# Brown and Sharpe No 1 Restoration Help!



## millturnman (Feb 25, 2022)

Hi all, i just picked up Brown and Sharpe No 1 horizontal milling machine and i have a some questions... First is: How do you oil this thing!! i gather that there is no central oiling System but i don't know which holes are for oil! (i figured out the spindle but the ways i am confused). My second question is: How do i adjust the gibs? the second picture is of the lower left side of the saddle and shows the Y axis "gib". circled in red are the two bolts i can see which i removed. Circled in yellow is a handle that appears to be captive? i am able to take out the handle portion but the main body spins around and around and doesn't seem to come out and i see nothing externally that would hold it in... Any help would be much appreciated! Thank you!


----------



## benmychree (Feb 25, 2022)

Old B&S mills originally had screw in plugs on exposed oiling points, they were round, like a ball and had a raised knurled band in the middle, the one I had (a #2 universal built about 1906), oiled the table ways and the table feed screw through flush screws in the table top, marked OIL, another one, a later #3 plain, had oiling holes for the table ways and screw through holes in the bottom of the front T slot that mounts the table feed dogs.
The 2 screws do adjust the gib, the lever does lock the gib, if it spins, I think the pin that prevents the bolt from turning has sheared, the bolt that the handle is threaded into has a round head that fits into a counterbore in the gib with the pin through it axially.


----------



## millturnman (Feb 25, 2022)

benmychree said:


> Old B&S mills originally had screw in plugs on exposed oiling points, they were round, like a ball and had a raised knurled band in the middle, the one I had (a #2 universal built about 1906), oiled the table ways and the table feed screw through flush screws in the table top, marked OIL, another one, a later #3 plain, had oiling holes for the table ways and screw through holes in the bottom of the front T slot that mounts the table feed dogs.
> The 2 screws do adjust the gib, the lever does lock the gib, if it spins, I think the pin that prevents the bolt from turning has sheared, the bolt that the handle is threaded into has a round head that fits into a counterbore in the gib with the pin through it axially.

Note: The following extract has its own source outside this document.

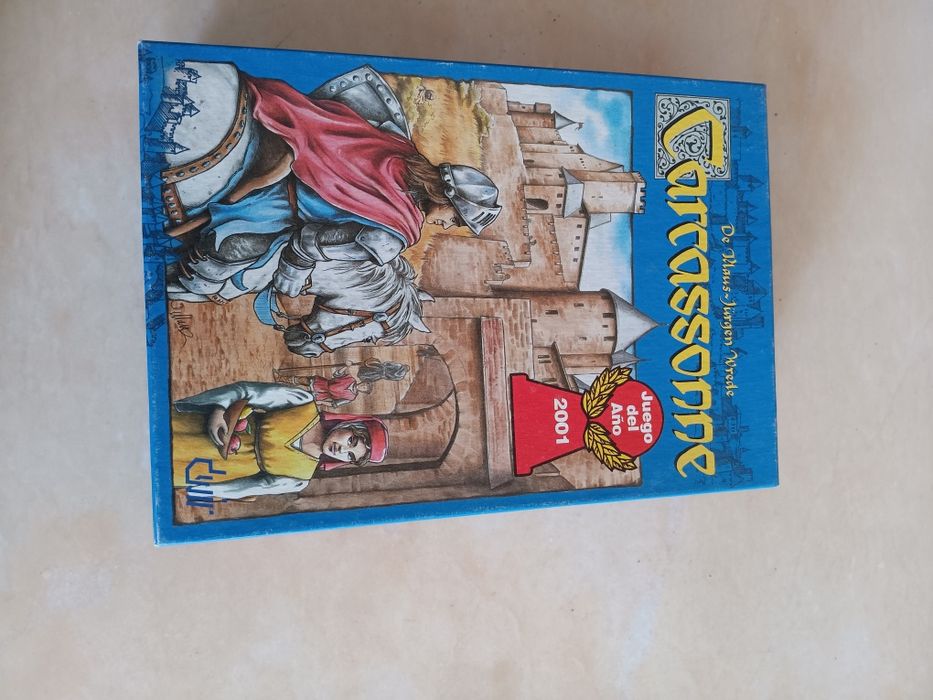 Vários  jogos  de entretenimento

Thank you for the Information! Ok, bummer about the handle, any suggestions to get it out? There are some flush screws on the knee in front, could those be oiling holes? i circled them in the picture. Also, is there any way to date this? i see it says "433" on the knee as well. Sorry for all the rookie Questions, I'm new to these machines!


----------



## benmychree (Feb 25, 2022)

Those 2 screws may lock the nuts that are behind the graduated dials, the nuts adjust the end thrust of the feed screws. So far as the lock is concerned you may be able to use a L shaped pry bar to bear on top of the bolt head while trying to unscrew the lever.


----------



## benmychree (Feb 25, 2022)

The exposed part of the feed screw may be drilled for oil on the end.  B&S provided for oiling every part on their machines.  There is an old joke about apprentice boys oiling center drilled holes in shafts, but B&S did provide iol to remote locations in that fashion.


----------



## benmychree (Feb 25, 2022)

So far as the age of the machine, my serial number book does not go back that far; I looked at another book by B&S dated 1896, and it illustrated a machine that was clearly of another (earlier) type.


----------



## millturnman (Feb 25, 2022)

> Those 2 screws may lock the nuts that are behind the graduated dials, the nuts adjust the end thrust of the feed screws. So far as the lock is concerned you may be able to use a L shaped pry bar to bear on top of the bolt head while trying to unscrew the lever.


Actually i was able to get those out and they appear to be oil for the x and y leadscrew bushings! I put a light on it and i could faintly see they say "oil hole" haha so no guess work i see! 

As for the broken lock, i was able to pull the table back enough to get a peak of the lock from the top side, the second picture shows a shaft that spins with the handle (second picture). i can't get a good idea of what it actually looks like in there...

For the Way oil, i was able to uncover 2 oil caps on the table once i cleaned all that crap off (3rd picture). Still no idea how to oil the Z and Y axis, though, i can't seem to find any port that leads to the saddle... though i did find 3 screws in the back of the knee that don't appear to go anywhere but i can't tell. Any ideas? (first picture)



> So far as the age of the machine, my serial number book does not go back that far; I looked at another book by B&S dated 1896, and it illustrated a machine that was clearly of another (earlier) type.


I did as good of a search as i could and found this machine to be similar to a no 1Y. looks to be maybe 1920s?


----------



## Richard King 2 (Feb 26, 2022)

There are several manuals on Vintage Machinery for B&S machines in the early 1900's  I looked at a few.  But you can try.


			Brown & Sharpe Mfg. Co. - Publication Reprints | VintageMachinery.org


----------



## Richard King 2 (Feb 28, 2022)

I have a serial number book and I am attaching pictures of the section on B&S Mills.  If you can find a serial number this should help.  I tried to flip the pictures, not sure it worked, if not turn your head...lol


----------